Let’s see this action in motion:
August 27, 2015
Bloomberg article published entitled, “Telstra in Talks With San Miguel for Philippines Mobile Venture.”
“Telstra Corp., Australia’s biggest phone company, is in talks with the Philippines’ San Miguel Corp. about investing in a wireless joint venture in the Southeast Asian country.
“No agreements have been reached in relation to these matters and there is no certainty” that a deal will occur, Telstra said in a regulatory statement Friday.”
August 29, 2015
Business Insider Australia stated, “Telstra is planning a multimillion dollar joint venture with Filipino beer giant San Miguel.”

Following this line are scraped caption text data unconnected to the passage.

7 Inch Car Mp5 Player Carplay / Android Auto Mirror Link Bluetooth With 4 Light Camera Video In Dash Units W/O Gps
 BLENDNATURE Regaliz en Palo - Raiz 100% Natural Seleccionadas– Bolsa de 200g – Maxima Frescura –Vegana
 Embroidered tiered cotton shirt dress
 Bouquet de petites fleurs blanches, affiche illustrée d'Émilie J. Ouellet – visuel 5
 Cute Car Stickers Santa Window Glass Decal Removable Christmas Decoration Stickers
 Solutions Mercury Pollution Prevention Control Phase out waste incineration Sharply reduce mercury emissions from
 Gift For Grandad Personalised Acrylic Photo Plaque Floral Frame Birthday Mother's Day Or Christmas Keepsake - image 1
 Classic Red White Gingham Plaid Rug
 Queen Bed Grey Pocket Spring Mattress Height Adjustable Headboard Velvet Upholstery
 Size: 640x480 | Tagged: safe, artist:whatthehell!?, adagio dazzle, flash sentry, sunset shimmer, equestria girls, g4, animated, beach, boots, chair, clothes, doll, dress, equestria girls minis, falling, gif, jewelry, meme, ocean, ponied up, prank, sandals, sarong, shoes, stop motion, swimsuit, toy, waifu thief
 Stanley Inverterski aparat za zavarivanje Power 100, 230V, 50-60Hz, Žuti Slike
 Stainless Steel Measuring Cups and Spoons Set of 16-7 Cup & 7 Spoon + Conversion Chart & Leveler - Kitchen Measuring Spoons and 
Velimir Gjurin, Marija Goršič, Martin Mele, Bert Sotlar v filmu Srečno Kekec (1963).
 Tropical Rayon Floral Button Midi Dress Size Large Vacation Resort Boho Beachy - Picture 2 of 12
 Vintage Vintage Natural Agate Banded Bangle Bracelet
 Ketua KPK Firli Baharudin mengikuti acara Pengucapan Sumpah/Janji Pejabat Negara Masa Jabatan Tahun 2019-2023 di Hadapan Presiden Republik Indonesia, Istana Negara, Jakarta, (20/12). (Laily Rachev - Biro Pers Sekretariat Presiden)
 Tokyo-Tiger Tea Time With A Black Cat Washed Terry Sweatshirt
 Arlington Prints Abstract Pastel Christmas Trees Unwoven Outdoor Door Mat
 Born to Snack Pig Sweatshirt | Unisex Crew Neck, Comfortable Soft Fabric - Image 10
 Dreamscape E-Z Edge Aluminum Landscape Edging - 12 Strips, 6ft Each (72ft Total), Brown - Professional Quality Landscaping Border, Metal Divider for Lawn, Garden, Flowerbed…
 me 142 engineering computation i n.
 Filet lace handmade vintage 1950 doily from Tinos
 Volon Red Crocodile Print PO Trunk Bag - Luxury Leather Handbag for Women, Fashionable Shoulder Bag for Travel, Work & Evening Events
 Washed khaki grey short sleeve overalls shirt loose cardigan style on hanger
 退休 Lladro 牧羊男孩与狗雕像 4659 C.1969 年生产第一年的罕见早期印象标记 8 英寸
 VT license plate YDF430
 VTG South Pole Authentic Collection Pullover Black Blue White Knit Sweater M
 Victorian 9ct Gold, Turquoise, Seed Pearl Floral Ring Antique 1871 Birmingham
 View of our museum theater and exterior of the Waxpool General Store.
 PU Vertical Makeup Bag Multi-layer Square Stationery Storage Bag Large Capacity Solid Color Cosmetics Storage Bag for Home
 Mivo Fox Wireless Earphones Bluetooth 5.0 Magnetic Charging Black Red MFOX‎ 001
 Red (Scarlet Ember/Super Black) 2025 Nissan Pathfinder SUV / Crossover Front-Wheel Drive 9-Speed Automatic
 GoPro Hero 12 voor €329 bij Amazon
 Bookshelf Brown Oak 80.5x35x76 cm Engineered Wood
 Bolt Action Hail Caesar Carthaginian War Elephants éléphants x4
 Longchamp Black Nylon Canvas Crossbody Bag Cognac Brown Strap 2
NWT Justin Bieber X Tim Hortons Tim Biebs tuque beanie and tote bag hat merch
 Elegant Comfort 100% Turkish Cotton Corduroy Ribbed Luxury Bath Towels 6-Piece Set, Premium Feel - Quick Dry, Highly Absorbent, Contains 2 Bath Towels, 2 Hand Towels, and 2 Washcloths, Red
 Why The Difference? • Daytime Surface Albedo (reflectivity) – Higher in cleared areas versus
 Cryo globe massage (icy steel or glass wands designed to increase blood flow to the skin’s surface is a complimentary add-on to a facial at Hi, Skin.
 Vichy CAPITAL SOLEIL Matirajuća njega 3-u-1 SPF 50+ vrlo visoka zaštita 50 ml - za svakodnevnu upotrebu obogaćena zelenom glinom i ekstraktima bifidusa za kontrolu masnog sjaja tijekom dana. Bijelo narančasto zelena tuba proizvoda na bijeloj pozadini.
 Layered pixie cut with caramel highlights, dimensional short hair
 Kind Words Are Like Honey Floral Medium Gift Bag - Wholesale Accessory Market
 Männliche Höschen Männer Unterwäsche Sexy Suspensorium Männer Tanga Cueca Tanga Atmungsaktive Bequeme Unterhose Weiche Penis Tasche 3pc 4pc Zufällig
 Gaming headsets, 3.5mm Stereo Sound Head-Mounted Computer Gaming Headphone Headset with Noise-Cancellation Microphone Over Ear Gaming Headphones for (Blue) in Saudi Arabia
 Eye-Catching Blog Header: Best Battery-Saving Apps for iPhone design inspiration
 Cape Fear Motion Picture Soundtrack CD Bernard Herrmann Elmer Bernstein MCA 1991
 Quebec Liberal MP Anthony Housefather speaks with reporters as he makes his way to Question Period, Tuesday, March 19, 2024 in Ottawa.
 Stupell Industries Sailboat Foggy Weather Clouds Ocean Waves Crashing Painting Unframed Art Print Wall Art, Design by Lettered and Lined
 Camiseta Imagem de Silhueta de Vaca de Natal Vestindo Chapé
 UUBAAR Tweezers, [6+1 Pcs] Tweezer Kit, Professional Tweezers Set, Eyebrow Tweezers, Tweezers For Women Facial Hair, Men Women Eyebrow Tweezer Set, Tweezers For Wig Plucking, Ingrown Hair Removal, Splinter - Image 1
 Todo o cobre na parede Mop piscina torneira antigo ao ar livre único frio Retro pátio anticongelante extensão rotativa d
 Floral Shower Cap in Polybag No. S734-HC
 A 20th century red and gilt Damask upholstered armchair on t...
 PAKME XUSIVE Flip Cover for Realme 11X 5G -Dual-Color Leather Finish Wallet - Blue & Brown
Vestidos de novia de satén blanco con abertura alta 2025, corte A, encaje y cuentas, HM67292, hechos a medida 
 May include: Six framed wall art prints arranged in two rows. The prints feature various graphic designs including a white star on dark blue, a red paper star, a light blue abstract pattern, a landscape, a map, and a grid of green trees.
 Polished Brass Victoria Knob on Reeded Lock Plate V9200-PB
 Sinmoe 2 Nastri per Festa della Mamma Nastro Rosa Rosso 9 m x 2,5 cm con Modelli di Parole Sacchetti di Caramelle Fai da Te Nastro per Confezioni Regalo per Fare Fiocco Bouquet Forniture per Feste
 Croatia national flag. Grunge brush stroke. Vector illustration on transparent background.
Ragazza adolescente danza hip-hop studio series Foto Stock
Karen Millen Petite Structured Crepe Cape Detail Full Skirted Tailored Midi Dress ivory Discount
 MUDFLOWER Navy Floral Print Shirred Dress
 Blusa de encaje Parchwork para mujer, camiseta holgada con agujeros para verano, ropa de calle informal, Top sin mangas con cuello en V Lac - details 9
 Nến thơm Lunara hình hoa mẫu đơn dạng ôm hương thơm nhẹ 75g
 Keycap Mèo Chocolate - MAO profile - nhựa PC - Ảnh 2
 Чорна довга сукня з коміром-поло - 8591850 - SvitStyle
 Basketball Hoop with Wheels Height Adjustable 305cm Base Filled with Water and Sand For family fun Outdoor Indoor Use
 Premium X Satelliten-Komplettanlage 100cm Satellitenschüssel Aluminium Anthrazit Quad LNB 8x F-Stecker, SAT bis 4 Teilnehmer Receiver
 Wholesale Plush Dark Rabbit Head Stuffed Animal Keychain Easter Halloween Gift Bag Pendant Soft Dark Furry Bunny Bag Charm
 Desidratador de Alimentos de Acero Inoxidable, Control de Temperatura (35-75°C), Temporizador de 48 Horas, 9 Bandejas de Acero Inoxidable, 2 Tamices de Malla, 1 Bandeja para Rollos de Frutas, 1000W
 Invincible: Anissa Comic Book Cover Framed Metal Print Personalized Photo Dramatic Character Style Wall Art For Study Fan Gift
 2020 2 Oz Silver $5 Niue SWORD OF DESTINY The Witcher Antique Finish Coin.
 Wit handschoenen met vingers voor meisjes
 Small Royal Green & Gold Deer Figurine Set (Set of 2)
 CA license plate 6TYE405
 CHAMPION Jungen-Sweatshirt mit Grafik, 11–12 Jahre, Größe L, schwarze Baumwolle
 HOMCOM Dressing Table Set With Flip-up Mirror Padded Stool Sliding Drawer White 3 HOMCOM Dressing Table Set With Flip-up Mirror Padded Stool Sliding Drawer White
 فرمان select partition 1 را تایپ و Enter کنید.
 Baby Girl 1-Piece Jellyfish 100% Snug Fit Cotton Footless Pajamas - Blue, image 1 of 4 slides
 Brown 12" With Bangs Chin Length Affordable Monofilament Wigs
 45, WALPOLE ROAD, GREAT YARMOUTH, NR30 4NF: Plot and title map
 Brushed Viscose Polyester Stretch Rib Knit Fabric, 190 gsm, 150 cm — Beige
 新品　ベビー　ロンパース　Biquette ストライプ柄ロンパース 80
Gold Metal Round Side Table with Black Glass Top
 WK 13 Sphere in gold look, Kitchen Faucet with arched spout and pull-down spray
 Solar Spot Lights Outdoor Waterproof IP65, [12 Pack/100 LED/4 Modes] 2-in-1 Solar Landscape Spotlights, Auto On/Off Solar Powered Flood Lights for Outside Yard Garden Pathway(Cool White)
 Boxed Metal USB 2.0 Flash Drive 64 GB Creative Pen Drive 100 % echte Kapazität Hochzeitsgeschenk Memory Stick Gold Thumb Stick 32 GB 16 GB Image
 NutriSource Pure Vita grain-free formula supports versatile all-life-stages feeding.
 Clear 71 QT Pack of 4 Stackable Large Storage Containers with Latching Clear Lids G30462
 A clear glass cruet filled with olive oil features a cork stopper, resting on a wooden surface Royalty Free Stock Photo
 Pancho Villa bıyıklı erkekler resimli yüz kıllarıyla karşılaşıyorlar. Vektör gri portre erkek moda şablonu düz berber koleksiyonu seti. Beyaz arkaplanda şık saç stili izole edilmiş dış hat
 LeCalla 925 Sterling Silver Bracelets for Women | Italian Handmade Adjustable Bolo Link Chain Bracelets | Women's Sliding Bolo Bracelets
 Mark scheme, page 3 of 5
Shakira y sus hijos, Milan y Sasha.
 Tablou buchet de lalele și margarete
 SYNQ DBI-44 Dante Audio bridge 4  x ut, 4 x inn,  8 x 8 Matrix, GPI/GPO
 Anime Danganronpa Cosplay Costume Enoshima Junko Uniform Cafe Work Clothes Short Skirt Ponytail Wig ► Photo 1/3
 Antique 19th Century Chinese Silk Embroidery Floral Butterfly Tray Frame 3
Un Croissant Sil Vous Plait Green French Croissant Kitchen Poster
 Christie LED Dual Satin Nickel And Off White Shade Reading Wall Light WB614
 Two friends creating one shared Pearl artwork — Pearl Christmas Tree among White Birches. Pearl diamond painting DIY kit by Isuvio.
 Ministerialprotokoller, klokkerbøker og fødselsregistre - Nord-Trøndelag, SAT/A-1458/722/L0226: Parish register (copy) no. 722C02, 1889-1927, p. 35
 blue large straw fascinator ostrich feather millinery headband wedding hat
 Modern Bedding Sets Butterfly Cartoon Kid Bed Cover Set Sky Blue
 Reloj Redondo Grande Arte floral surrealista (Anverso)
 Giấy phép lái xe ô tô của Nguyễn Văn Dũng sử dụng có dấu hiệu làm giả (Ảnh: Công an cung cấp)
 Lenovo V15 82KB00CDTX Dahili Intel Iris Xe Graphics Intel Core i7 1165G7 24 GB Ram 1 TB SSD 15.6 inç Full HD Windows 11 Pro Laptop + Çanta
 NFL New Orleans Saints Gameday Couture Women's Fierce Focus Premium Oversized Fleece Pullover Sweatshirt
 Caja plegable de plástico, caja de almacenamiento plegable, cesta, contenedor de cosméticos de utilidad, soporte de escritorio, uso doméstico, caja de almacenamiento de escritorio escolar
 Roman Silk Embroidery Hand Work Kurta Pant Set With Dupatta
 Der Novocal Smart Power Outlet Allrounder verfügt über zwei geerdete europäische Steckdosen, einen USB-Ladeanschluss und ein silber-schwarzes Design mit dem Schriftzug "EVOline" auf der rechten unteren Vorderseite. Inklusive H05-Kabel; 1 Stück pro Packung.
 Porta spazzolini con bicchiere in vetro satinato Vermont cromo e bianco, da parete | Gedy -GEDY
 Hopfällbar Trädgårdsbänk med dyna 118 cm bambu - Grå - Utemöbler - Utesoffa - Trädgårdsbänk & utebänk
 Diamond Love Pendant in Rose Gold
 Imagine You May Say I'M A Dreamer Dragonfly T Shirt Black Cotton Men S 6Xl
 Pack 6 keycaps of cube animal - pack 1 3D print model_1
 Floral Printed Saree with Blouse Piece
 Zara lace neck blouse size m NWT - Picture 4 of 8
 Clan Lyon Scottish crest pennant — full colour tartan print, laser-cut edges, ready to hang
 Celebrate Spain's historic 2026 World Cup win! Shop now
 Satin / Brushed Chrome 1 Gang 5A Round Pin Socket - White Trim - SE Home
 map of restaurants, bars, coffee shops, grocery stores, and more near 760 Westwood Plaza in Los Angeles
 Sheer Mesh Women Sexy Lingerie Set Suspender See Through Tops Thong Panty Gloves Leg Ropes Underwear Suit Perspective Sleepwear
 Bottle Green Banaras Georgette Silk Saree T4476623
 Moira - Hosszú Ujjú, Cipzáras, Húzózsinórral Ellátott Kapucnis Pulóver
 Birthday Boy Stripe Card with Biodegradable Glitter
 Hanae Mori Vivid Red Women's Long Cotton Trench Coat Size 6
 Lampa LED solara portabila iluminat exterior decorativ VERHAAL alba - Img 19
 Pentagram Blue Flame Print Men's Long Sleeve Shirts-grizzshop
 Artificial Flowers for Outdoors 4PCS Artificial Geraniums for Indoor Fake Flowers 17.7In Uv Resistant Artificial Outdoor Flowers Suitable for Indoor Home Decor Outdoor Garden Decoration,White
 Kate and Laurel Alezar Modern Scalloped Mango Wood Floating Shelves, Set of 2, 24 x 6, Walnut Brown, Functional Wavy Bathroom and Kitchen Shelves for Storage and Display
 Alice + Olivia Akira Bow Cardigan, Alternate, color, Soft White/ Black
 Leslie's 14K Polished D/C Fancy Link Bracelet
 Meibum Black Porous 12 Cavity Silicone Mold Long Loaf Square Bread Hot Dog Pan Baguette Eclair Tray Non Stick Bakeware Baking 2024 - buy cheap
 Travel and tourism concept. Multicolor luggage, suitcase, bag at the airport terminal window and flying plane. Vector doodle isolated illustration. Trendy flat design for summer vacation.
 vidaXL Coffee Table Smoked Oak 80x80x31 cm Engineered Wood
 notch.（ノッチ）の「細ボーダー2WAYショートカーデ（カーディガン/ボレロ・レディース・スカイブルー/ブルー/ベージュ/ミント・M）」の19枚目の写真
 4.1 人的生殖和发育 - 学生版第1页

“Telstra confirmed it was in discussion with Philippines’ largest conglomerate San Miguel Corporation (SMC) — whose investments span across food, packaging, energy and beer — in what could be the telco’s first foray into the South East Asian consumer market.
Philippines’ mobile market is currently dominated by PLDT and Globe Telecom with a mobile penetration rate of more than 100 per cent but with most of its services relying on outdated 2G services. An investment with San Miguel could see to a quicker rollout of 4G services which covers less than 5 per cent of the market.
Earlier this year, Telstra CEO Andy Penn described Asia as a key part of his growth strategy building on former CEO David Thodey’s vision to see a third of the telco’s revenue coming from Asia by 2020.”
September 25, 2015
Financial Times published, “Telstra weighs entry into Philippine telecoms market.”
“Local conglomerate San Miguel and Telstra of Australia have confirmed they are in talks over a wireless joint venture that, on the face of it, is entering a crowded market.
If the San Miguel-Telstra venture goes ahead, it will not be the Australian telecom group’s first attempt to break into other Asian markets.
Telstra is eager to expand out of its home base, with its Asian businesses supplying just a tenth of its revenues. Telstra may make the ideal partner for San Miguel, which has been acquiring licences and permissions but so far has lacked expertise. The question is whether the pair will have the marketing power to carve out a viable market share.”
October 29, 2015
The Sydney Morning Herald published, “Telstra to cut costs and spend up to $US1 billion in Philippines to fight rivals.”
“Speaking to investors in Sydney on Thursday, Mr Penn also revealed that the telecommunications giant was willing to pump up to $US1 billion ($1.4 billion) into owning a 40 per cent stake of a joint-venture to build a new mobile network in the Philippines, which would value the South-East Asian company at $US2.5 billion.
Mr Penn also provided a much clearer picture of Telstra’s potential partnership with Philippines beer and food giant, San Miguel. Both companies want to become a third force in the Philippine’s mobile market, up against local incumbents PLDT and Globe Telecom.
But Mr Penn provided more clarity and said Telstra would spend no more than $US1 billion for a 40 per cent stake of a joint-venture, which is the most a foreign company can own there. This money would go towards the construction of the mobile network along with extra cash raised by borrowing from banks.
“Let’s face it – go to the Philippines, experience for yourself the sort of lousy service you get from the incumbent operators and you will see that the opportunity there for new operators to provide a much better quality service over an LTE network using better spectrum,” he said.
“As for why not Myanmar … we recognised [the Philippines] would be a significant project and we got a lot of work there supporting San Miguel in terms of network rollout and design.”